The Heat is the first NBA team in at least 20 years to score the first points in each of its first 10 games of the season. Regrettably, Miami has been outscored after that point in eight of those 10 games, including a 93-90 loss to Atlanta on Tuesday at AmericanAirlines Arena.

And so, less than a month into the post-Dwyane Wade era, the Heat (2-8) already has a six-game losing streak, its longest since the final two months of the 2007-2008 season, when Miami finished 15-67.

The Heat led by eight early, then rallied from 10 down in the third to take a two-point lead but never led in the fourth and was ultimately undone by 23 turnovers and poor shooting, closing at 40 percent from the field, which was in character for a team that entered with the league’s third-worst shooting percentage.

Dion Waiters missed a 25-footer that could have tied the game just before the buzzer.

Afterward, Erik Spoelstra struck a positive tone with his team and with the media.

“We’ve gone toe-to-toe two nights in a row [against San Antonio and Atlanta] to basically the end, and this is where you have to have great mental resolve to stay the course,” Spoelstra said. “We’re developing some collective toughness and grit right now. I know it’s painful right now for the guys. But we see progress.

“It’s so easy to get wrapped up with what the record is … and we’re here for the result. Ultimately, when you’re trying to build a team, you’re trying to build a foundation.”

Hassan Whiteside snagged 25 rebounds, equaling a career high, and remains the NBA’s only player with double figure rebound totals in every game.

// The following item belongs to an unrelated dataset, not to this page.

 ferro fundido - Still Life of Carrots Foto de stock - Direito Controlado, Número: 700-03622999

He persevered through a 2-for-10 start, finishing with 19 points on 6-for-15 shooting.

“It really means something to him right now,” Spoelstra said. “He’s feeling the responsibility of inspiring and helping a team win.”

In the fourth quarter, Whiteside didn’t need to contend with Dwight Howard, who had 11 points and 11 rebounds before leaving, for good, in the third with a left quad contusion.

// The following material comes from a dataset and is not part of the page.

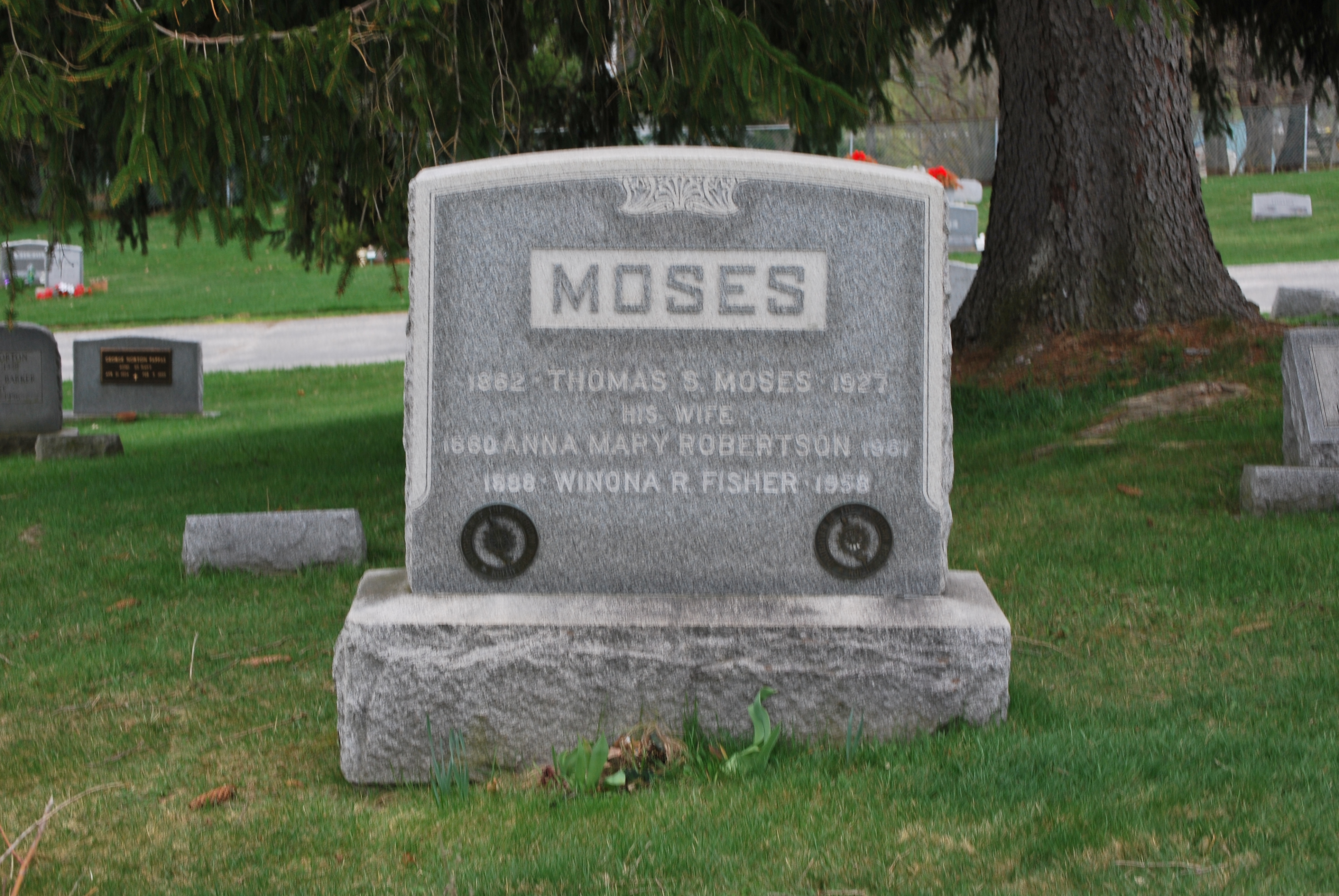 File:Grandma Moses Grave.JPG - Wikimedia Commons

Whiteside conceded “it’s tough” that his big individual numbers aren’t translating into wins, but vowed: “We are going to get it right. I believe in these guys. We haven’t played any bad teams. We’re not listening to outside people. People saying stuff, but we’re not listening to that.”

The Heat played without point guard Goran Dragic (ankle) and forward Justise Winslow (wrist).

Rodney McGruder (eight points, 4-for-11 shooting) started in Winslow’s place and said finding out that he was making his first NBA start was a “dream.” Josh Richardson, starting in place of Dragic, scored 19 and continues to round into form since returning from a knee injury.

“We thought we could play smaller on the wings,” Spoelstra said of the decision to start the 6-5 McGruder at small forward. “Rodney is a winner. He plays 36 minutes chasing all the guards around. J-Rich — the more he plays, the more comfortable he looks. He said he felt fine with those minutes. I didn’t intend to play him [38] minutes.”

Waiters, off a 27-point game Monday in San Antonio, started strong, but then faltered badly, committing five turnovers, shooting two airballs and finishing 5 for 18 on an 11-point night.

Despite repeated forays to the basket, Waiters didn’t attempt a free throw for the second consecutive game, and his exasperation was evident afterward.

“It’s frustrating when I attack as much as I do [and don’t get to the free-throw line],” he said. “They need to address it. My guy can’t stop me going to the basket. I have his hand in my chest every time. You saw certain calls the other way that were just crazy. It’s very frustrating.”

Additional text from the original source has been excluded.